2016 Fight Of The Year Nominations:
Carl Frampton W12 Leo Santa Cruz: Healthy contingents of both Irish and Mexican fight fans created a raucous atmosphere as Frampton and Santa Cruz went to war for 12 fast-paced rounds with the underdog, Frampton, pulling out a close points win.
Francisco Vargas D12 Orlando Salido: 12 rounds of magnificent, toe-to-toe warfare. “Though the battle ended in a majority draw, the lack of a decisive winner in no way detracted from the visceral thrills these two incredibly tough gladiators gave us.”
Keith Thurman W12 Shawn Porter: A showdown between two of the best in the talent-stacked welterweight division, Porter and Thurman gave fight fans a close, hard-fought, back-and-forth scrap.
Shinsuke Yamanaka TKO7 Anselmo Moreno: In September of last year, Yamanaka scored a decision victory over Moreno. The second time around Yamanaka needed no help from the judges in what turned out to be a thrilling shoot-out, and five knockdowns later it was all over in round seven.
Francis Lafreniere W10 Renan St Juste: In a clash of cross-town rivals on the undercard of Kovalev vs Pascal II, St Juste and Lafreniere went to war for ten intense, thrilling and bloody rounds. HBO clearly picked the wrong undercard fight to feature on their broadcast. Definitely Montreal’s Fight Of The Year.
Jamie Conlan TKO8 Anthony Nelson: In an electrifying, see-saw war that saw both men hit the canvas, Ireland’s Conlan appeared in serious trouble before he landed a hellacious body punch to put his British rival down for the count.
Andre Ward W12 Sergey Kovalev: One of the best matches in the sport actually happened and “Krusher” and “S.O.G.” delivered with a taut, tense and terrific 12 round joust, marred by some bewildering scorecards.
Roman Gonzalez W12 Carlos Cuadras: “Chocolatito” moved up to challenge for his fourth divisional world title and got one of the most punishing fights of his career. Gonzalez and Cuadras combined for 579 landed blows; only 72 were jabs.
Winner: Francisco Vargas D12 Orlando Salido
All of the above were remarkable, but Salido vs Vargas is likely to go down as one of the best tilts of the entire decade. How fitting that the first major fight following the death of Muhammad Ali was a vicious war with both Mexican warriors giving all they had for victory, just as Ali did in his legendary rumbles with Joe Frazier and Ken Norton.
Salido vs Vargas is a brawl that can stand alongside any of the great fights of the past for sheer toe-to-toe mayhem. As Patrick Connor wrote:
“In the first two rounds Vargas controlled the pace and distance with his jab while Salido had difficulty drawing in the younger man. It seemed like finally the 35-year-old may have realized his age, but then Salido surged in rounds three and four, finding a home for his patented body attack and clearly slowing Vargas down.

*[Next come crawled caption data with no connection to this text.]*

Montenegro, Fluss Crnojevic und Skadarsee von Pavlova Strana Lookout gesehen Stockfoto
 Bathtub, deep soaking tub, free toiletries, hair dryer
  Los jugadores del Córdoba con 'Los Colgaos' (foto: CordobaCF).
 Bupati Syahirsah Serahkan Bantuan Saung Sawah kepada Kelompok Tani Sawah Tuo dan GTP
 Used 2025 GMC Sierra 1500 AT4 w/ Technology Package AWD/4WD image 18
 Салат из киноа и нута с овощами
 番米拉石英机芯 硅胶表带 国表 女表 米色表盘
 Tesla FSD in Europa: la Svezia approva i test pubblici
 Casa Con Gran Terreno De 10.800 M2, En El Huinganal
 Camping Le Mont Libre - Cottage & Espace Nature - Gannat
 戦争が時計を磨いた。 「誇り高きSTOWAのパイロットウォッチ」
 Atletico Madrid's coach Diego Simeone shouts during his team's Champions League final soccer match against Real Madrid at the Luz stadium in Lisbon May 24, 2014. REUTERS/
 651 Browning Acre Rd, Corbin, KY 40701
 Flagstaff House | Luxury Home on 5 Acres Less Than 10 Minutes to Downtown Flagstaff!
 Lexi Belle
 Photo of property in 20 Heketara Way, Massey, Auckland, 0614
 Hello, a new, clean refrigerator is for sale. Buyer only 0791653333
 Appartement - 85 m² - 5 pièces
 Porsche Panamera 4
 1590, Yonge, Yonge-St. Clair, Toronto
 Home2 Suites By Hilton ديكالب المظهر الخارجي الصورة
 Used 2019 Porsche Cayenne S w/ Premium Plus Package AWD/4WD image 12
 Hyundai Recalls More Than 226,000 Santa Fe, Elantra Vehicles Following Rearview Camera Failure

Most importantly, Salido’s resistance signaled to Vargas that standing his ground would be necessary if he was to get past the experienced veteran.
Rounds five through seven could all be considered for “Round of the Year,” as all three offered furious back-and-forth action. Of the 204 total punches thrown in round five, for instance, only one was a jab. And both men followed up that round with more intense skirmishing before Vargas appeared to be shutting down and letting Salido have his way in round eight.
It wasn’t over, though, and Vargas made an impressive stand in rounds nine and ten before Salido did the same in 11 and 12. The rough collisions and booming punches made for swollen mugs on both men, but Vargas walked away with serious cuts near both eyes that will require time to heal. Suffice to say, both men made huge sacrifices to produce a battle worthy of inclusion in any list of great Mexico vs Mexico clashes.”